KOMPAS/WAWAN H PRABOWO

Penetapan Nomor Urut Capres – Ketua Komisi Pemilihan Umum (KPU) Arief Budiman (tengah) berfoto bersama dua pasang calon presiden dan wakil presiden peserta Pemilu Presiden 2019 Joko Widodo-Ma'ruf Amin dan Prabowo Subianto-Sandiaga Salahuddin Uno usai mengikuti pengundian nomor urut di kantor KPU, Jalan Imam Bonjol, Jakarta Pusat, Jumat (21/9/2018) malam. 

Pemilu Presiden 2019 merupakan momentum penting bagi masa depan demokrasi.
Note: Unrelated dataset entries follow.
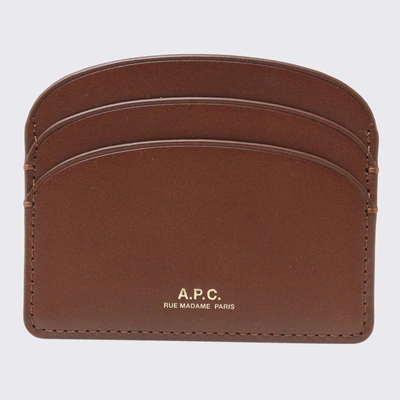 Shop Apc A.p.c. Brown Noisette  Leather Demi-lune Cardholder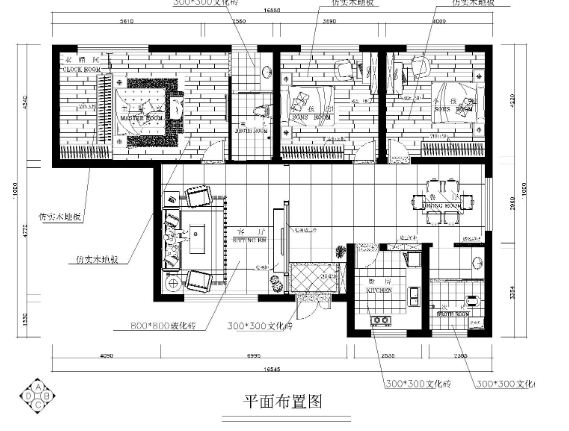 某三居室雅居装修设计工程施工图+效果图-1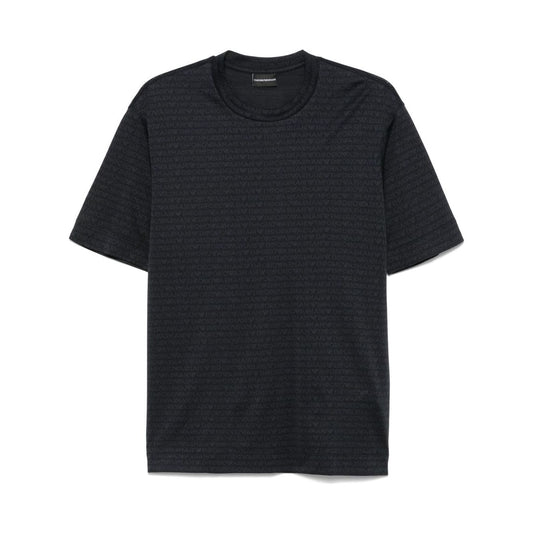 Emporio Armani jersey T-shirt with all-over flocked logo lettering EM000787AF12916FC176-P25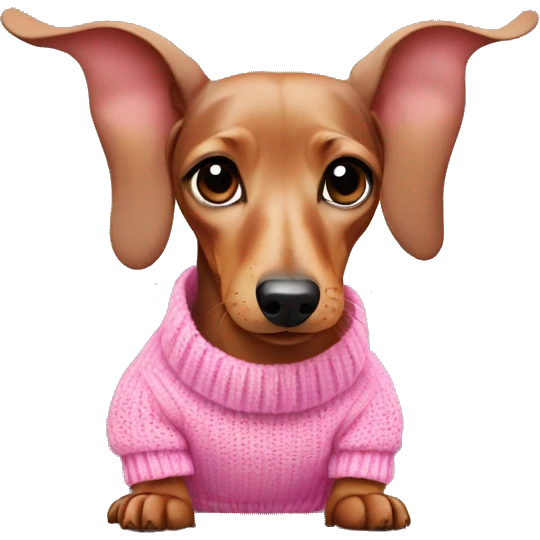 Dachshund in pink sweater emoji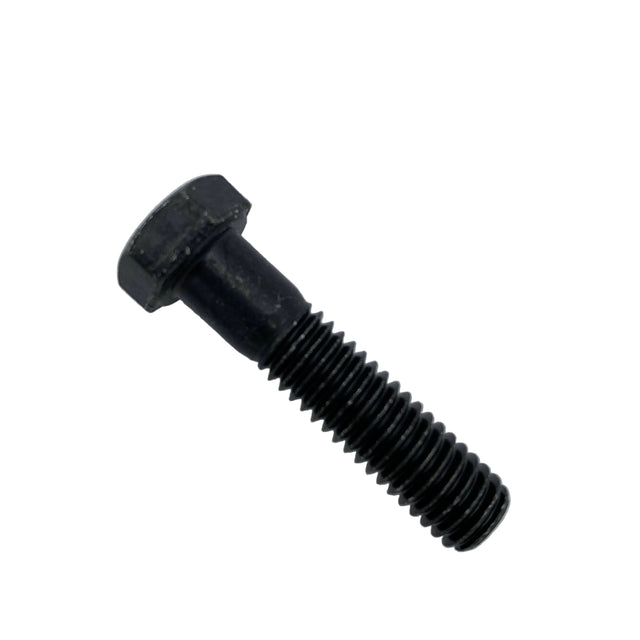 A single black metal hex bolt with a threaded shank, photographed on a plain off-white surface. 200-0016-163-025 - HHCS, 3/8-16x1.625 GR8 BNZ - ARGO PARTS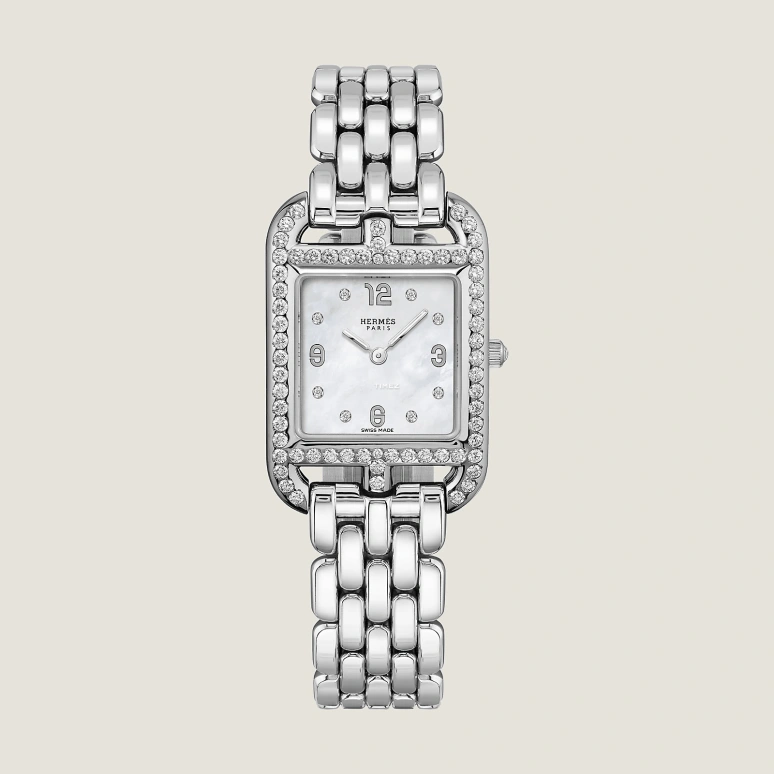 Hermès,Cape Cod 31x23mm,31x23mm,Stainless Steel,White,Quartz,Sapphire,Crystal Glass,Rectangular,W056778WW00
Berbagai ujian atas demokrasi semakin kompleks pasca-Pilpres 2014. Polarisasi politik makin menguat, bahkan memengaruhi kehidupan sosial warga.

Situasi tersebut direspons para kandidat Pilpres 2019. Pasangan kandidat Joko Widodo dan Ma'ruf Amin secara implisit menawarkan gagasan demokrasi dalam misi ke-6 hingga ke-8. Secara eksplisit, aktualisasi Demokrasi Pancasila ditetapkan dalam visi ke-8, dengan cara "memperkuat kepercayaan publik pada institusi-institusi demokrasi, dengan melanjutkan konsolidasi kualitas demokrasi melalui reformasi sistem kepartaian, pemilu, dan lembaga perwakilan".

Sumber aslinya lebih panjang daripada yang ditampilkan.